「「お前はどの種類の日本人だ?」への正解を想像できるか」シビル・ウォー アメリカ最後の日 高森 郁哉さんの映画レビュー(感想・評価)
「お前はどの種類の日本人だ?」への正解を想像できるか
アレックス・ガーランド監督には「エクス・マキナ」や「アナイアレイション 全滅領域」などSFの印象が強かったので、新作が内戦を題材にしたアクションスリラーと聞いて意外に感じたものだ。だが実際に見ると、この「シビル・ウォー アメリカ最後の日」も米国の政治的社会的現状を客観的にふまえつつ、近い未来にもし内戦が勃発したらどんな戦闘や混乱が起こり得るか、それをジャーナリストが取材しようとしたらどんな行動をとるのかといったことを、出来る限りの科学的な正確さでフィクションとして描くという点で、広義のサイエンスフィクションと呼んでもよいのではと考えを改めた。

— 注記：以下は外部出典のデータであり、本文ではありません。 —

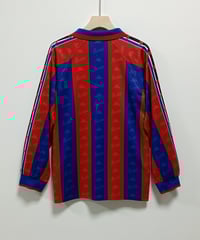 Image 2 of Barcelona 95/96 Kappa Home Long Sleeve Jersey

それにしても、ガーランド監督(脚本も担当)と製作会社A24の機動力には恐れ入る。2020年米大統領選の不正を訴えた当時現職トランプの過激な支持者らが米国議会議事堂を襲撃したのが2021年1月。それが映画の直接的な出発点ではないにせよ、インスピレーションの1つにはなったはず。ガーランドとA24は2022年1月までに契約を交わし、次の大統領選が行われる2024年の4月に米英での公開にこぎつけた。
映画では、連邦政府から19州が離脱し、テキサス・カリフォルニアの西部勢力が大統領側の政府軍と武力衝突を繰り広げていると説明される。赤い州(共和党支持)のテキサスと青い州(民主党支持)のカリフォルニアを組ませた点が脚本のしたたかさ。大統領選の年に公開されたことも考え合わせると、もし反政府勢力が赤い州か青い州のどちらに偏っていたら、本作が政治的プロパガンダだという非難をまず間違いなく浴びていただろう。そうしたリスクを回避するための戦略的な設定だと考えられる。
民間人の遺体を処理する武装集団のリーダー的存在、赤いサングラスの男を演じたジェシー・プレモンスは短い出演時間ながらも強烈な印象を残す。予告編にも使われている、ワシントンDCに向かうジャーナリストたちに向かって「お前はどの種類のアメリカ人だ?」と問う台詞が、米国の分断の根深さを象徴している。
昨年公開の「福田村事件」で描かれた、香川から関東を訪れていた行商の人々が、朝鮮出身者ではないかと村人たちから疑われる場面が思い出される。近い将来、日本でまた大規模な災害と大混乱が生じ、自警団とそれに追従する人々が似たような暴走を起こす可能性がまったくないとは言えない。そんな状況で、「お前はどの種類の日本人だ?」と問われたら、果たして何と答えるのが正解なのか。そんな想像をすることで、この「シビル・ウォー」がよりリアルに迫ってくるだろう。